Feature Processing with Spark ML and Scikit-learn

Before training a model with either Amazon SageMaker built-in algorithms or custom algorithms, you can use Spark and scikit-learn preprocessors to transform your data and engineer features.

You can run Spark ML jobs with AWS Glue, a serverless ETL (extract, transform, load) service, from your Amazon SageMaker notebook. You can also connect to existing EMR clusters to run Spark ML jobs with Amazon EMR. To do this, you need an AWS Identity and Access Management (IAM) role that grants permission for making calls from your Amazon SageMaker notebook to AWS Glue.

Note
Currently, AWS Glue supports only Python 2.7.

After engineering features, you package and serialize Spark ML jobs with MLeap into MLeap containers that you can add to an inference pipeline. You don’t need to use externally managed Spark clusters. With this approach, you can seamlessly scale from a sample of rows to terabytes of data. The same transformers work for both training and inference, so you don’t need to duplicate preprocessing and feature engineering logic or develop a one-time solution to make the models persist. With inference pipelines, you don’t need to maintain outside infrastructure, and you can make predictions directly from data inputs.

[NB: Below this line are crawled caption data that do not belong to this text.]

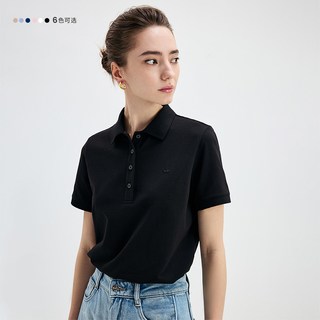 纳维凯尔 黑色 POLO衫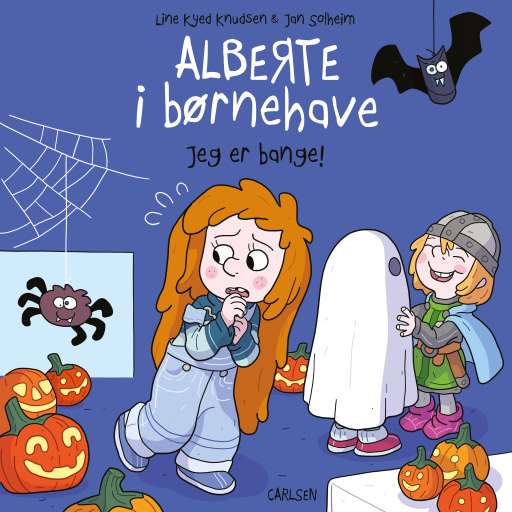 Alberte i børnehave (5) – Jeg er bange!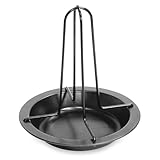 Fackelmann Hähnchenbräter für Backofen & Grill – Hähnchen Halter...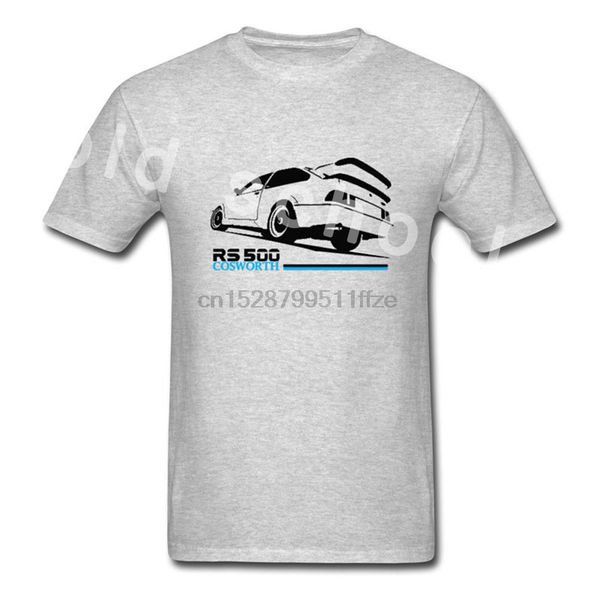 

mens tees 2019 tee summer new style letter printed t shirt cosworth rs500 retro car che guevara t shirt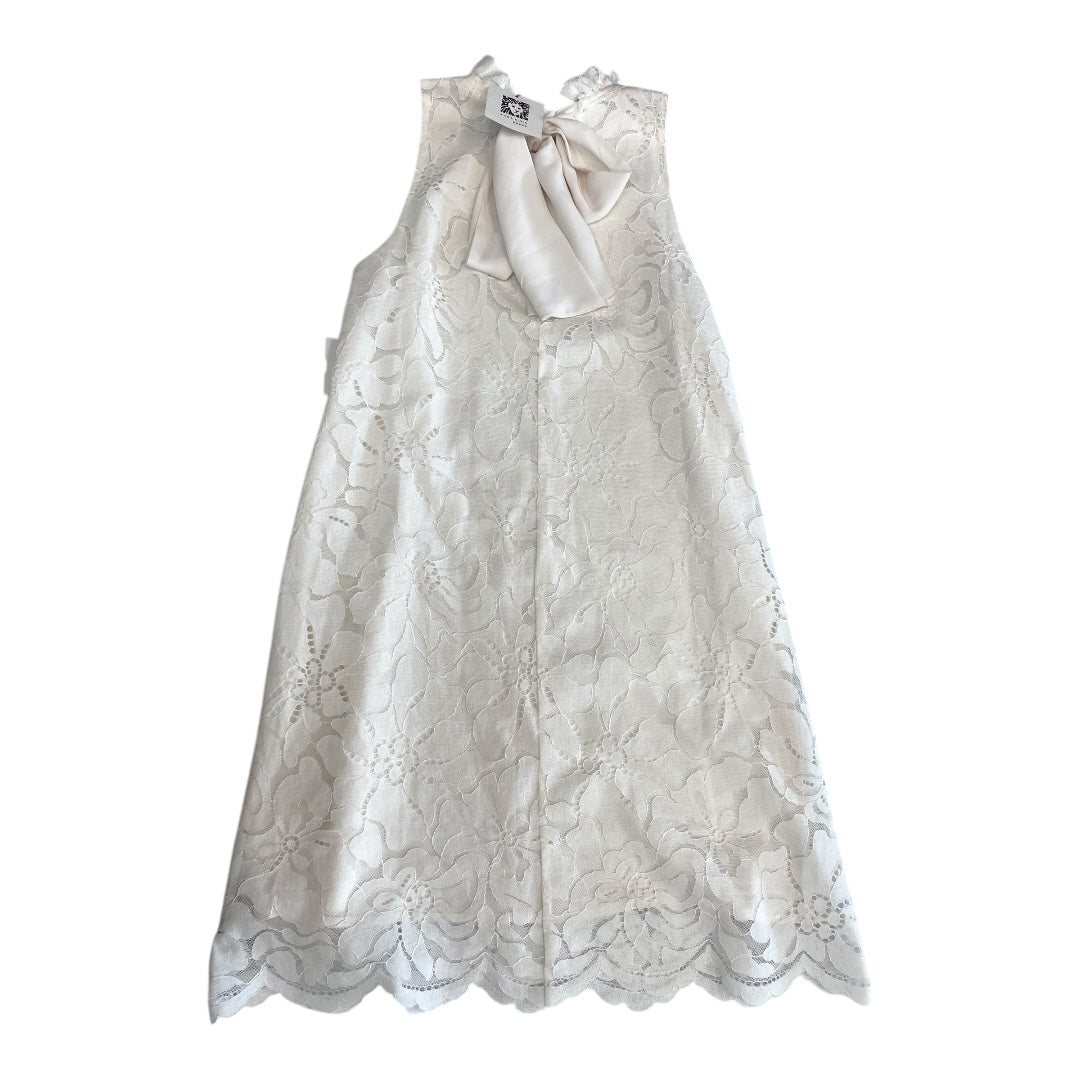Dress Casual Short By Anne Klein In Cream, Size:4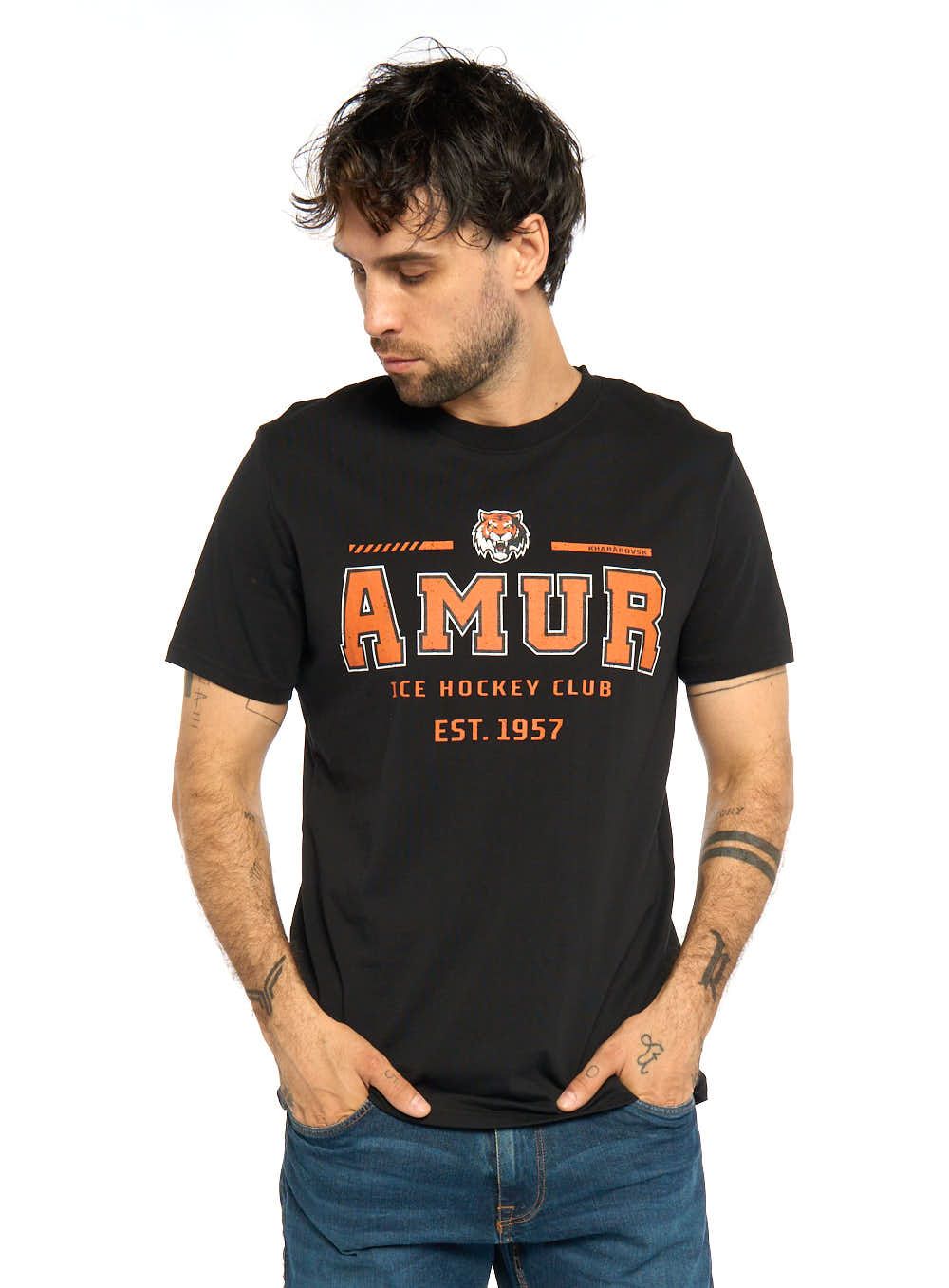 

Футболка мужская Atributika&Club Амур 310730 черная 2XL, Черный, Амур 310730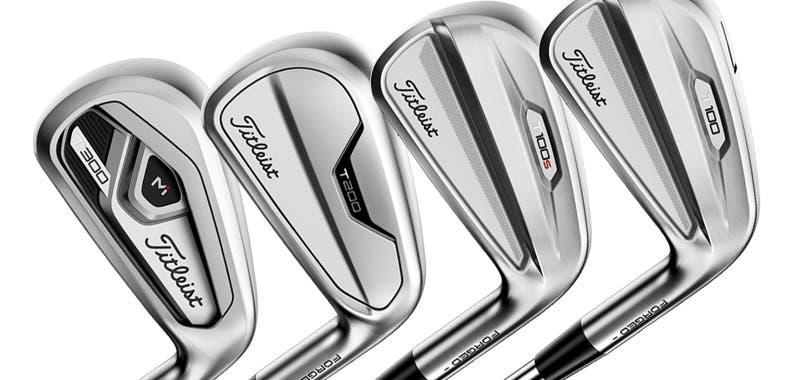 Titleist 2021 T-Series Irons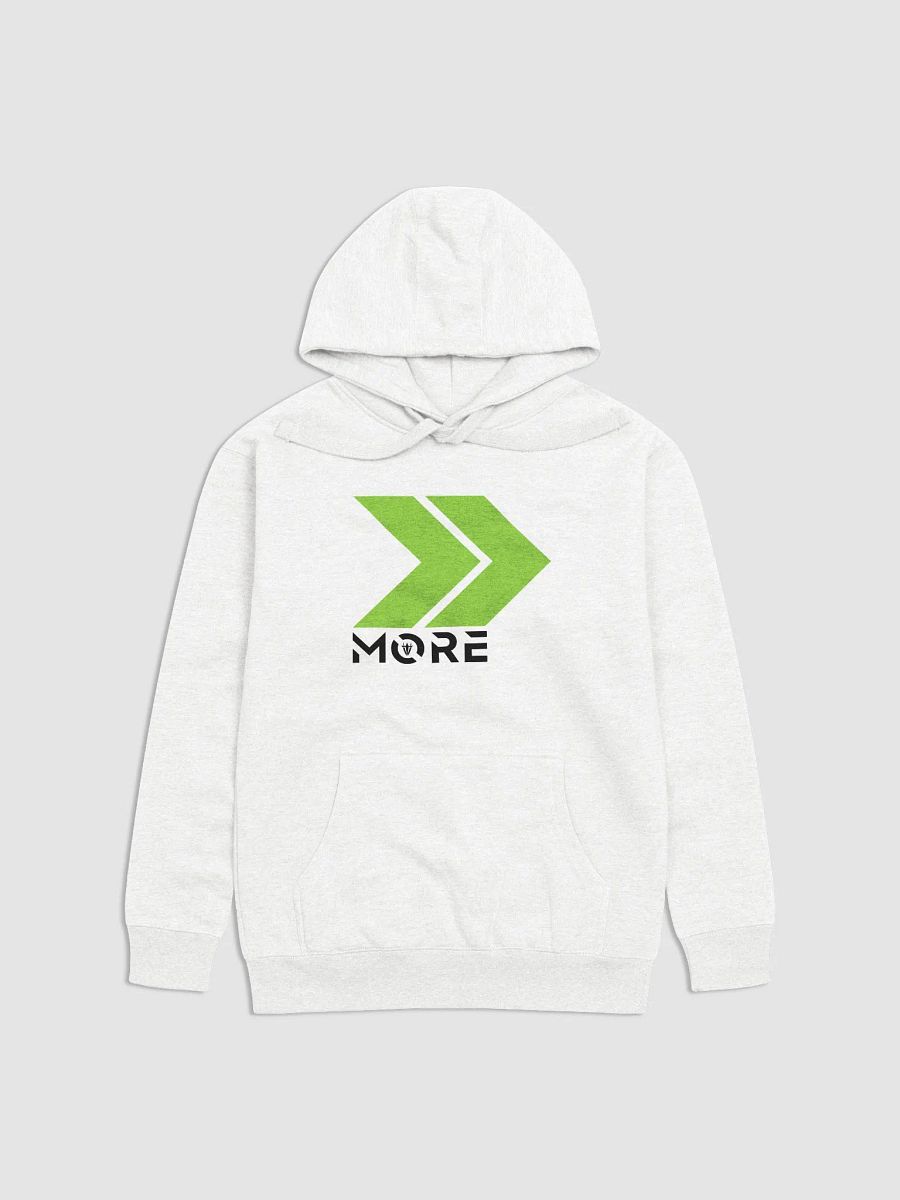 MORE White Hoodie product image (1)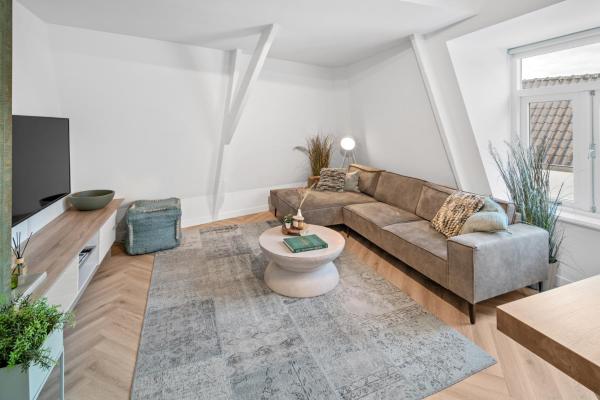 A la foto es mostra l'objecte Unique Penthouse Near City Center And Park situat a la ciutat de Roosendaal.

When you run a Spark ML job on AWS Glue, a Spark ML pipeline is serialized into MLeap format. Then, you can use the job with the SparkML Model Serving Container in an Amazon SageMaker Inference Pipeline.MLeap is a serialization format and execution engine for machine learning pipelines. It supports Spark, Scikit-learn, and TensorFlow for training pipelines and exporting them to a serialized pipeline called an MLeap Bundle. You can deserialize Bundles back into Spark for batch-mode scoring or into the MLeap runtime to power real-time API services.

You can run and package scikit-learn jobs into containers directly in Amazon SageMaker. For an example of Python code for building a scikit-learn featurizer model that trains on Fisher’s Iris flower data set and predicts the species of Iris based on morphological measurements, see IRIS Training and Prediction with Sagemaker Scikit-learn.